Workiva began as WebFilings and initially offered software to streamline the SEC document submission process. In 2013 it released Wdesk to address the larger market for composite document creation. The software has uses beyond SEC filings. They include a variety of documents or presentations for external or internal purposes that corporations routinely produce, including board presentations, management reports, audit management, disclosure documents and other regulatory or compliance filings. Using such software, companies (and especially finance departments) can cut preparation time, complete documents sooner and substantially reduce errors in them.

Software products for handling composite documents like Wdesk have capabilities similar to those of document management applications except that they are designed to be easily used by business people with limited or no involvement by technical specialists and at much lower cost of ownership. This is especially true for cloud-based software. As is the case in using document management software, the text portion of the composite document is produced and reviewed by many people in multiple departments for various purposes in a defined workflow that includes approvals. To facilitate reviews, Wdesk enables approvers to read, comment on and accept a document or any component of it on a mobile device. In the process of creating the document multiple versions are created and the software ensures that people work only with the current version. Permissions for creating, editing and approving the document can be granular (such as limited to a specific paragraph or table or even a single data point). Especially for internal documents (such as Sarbanes-Oxley Act attestations) Wdesk can connect substantiating documents directly to specific parts of a document.

vr_fcc_data_quality_significance_updatedThe sections and basic form of a composite document may be highly structured, in which case the software automatically maintains this structure and all formatting. The format includes the order of the sections, the section headings, specific wording in boilerplate sections, paragraph styles and even the typeface, to name the most common requirements. If the document is a periodic filing, it must be consistent from one period to the next, keeping the format and structure of each individual section exactly the same. Wdesk also ensures that text and numbers that are reused across multiple documents and presentations are consistent.

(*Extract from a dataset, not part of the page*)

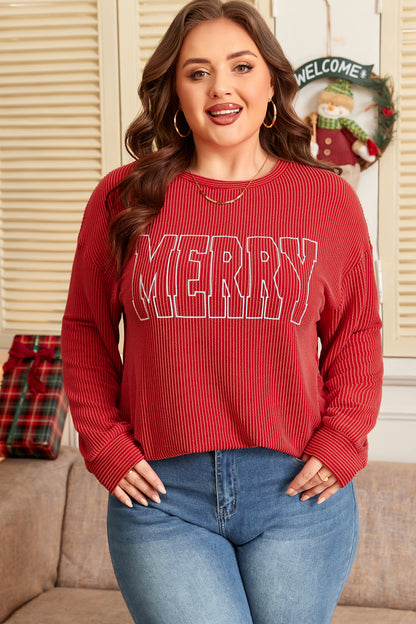 Fiery Red Twist Ribbed MERRY Letter Graphic Plus Size Pullover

In addition to consistency, another major advantage of using Wdesk to automate the document creation process is that it can significantly reduce the incidence of errors while reducing the time devoted to checking the document for them. For example, numbers referenced in the commentary must agree with those in the tables. These numbers often change over the course of the drafting period, sometimes frequently and on occasion late in the process when deadlines are short. A composite document application will always contain the most accurate and up-to-date numbers. This is important because in our benchmark research on the financial close research three out of five participants said that the consistency and quality of data in company reports is a significant or very significant problem.

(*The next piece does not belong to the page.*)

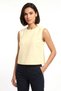 Yellow Woven Fabric Crew Neck Sleeveless Modern Cut Crop Blouse with Side Slit Detail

As the numbers (such as financial and operational results) referenced in a table change, the numbers in the narrative associated with those numbers, as well as any associated percentage, change citations. For example, in the statement “advertising expense was $X, up Y%,” the numbers X and Y will always be in agreement with each other and any table containing them. Automation can also help because some types of regulatory documents and filings have particular requirements that must be enforced. For example, when financial data is presented in a shortened form (in thousands or millions of currency units, for example), the rounding often must adhere to a specific convention.

Using a software application designed to automate and support the process of creating filing documents can reduce the amount of time and effort necessary to produce the final result. It does so by establishing a repository of record for the text and data, automating the compilation of the document including the tabular data and individual text sections, using workflow to manage the process, and applying controls and audit features.

Using such software enables corporations to achieve substantially greater efficiency as well as tighter and more consistent control over this process. Process management capabilities can cut the administrative workload for people who “own” the filing document and reduce the possibility of delayed handoffs and missed deadlines. Document management features enable administrators to track the progress of the individual components, automate reminders to individuals as deadlines approach and generate alerts if they miss start or completion times. In contrast, when regulatory filings and similar composite documents are assembled using personal productivity software and orchestrated through email attachments and notifications, the process needlessly occupies the time and attention of highly trained, well-compensated people who have to spend hours performing dull, repetitive tasks that require their skills. Automation on the other hand leaves only the essential work to be done, allowing expert individuals to focus only on that and have more time to concentrate on their real jobs.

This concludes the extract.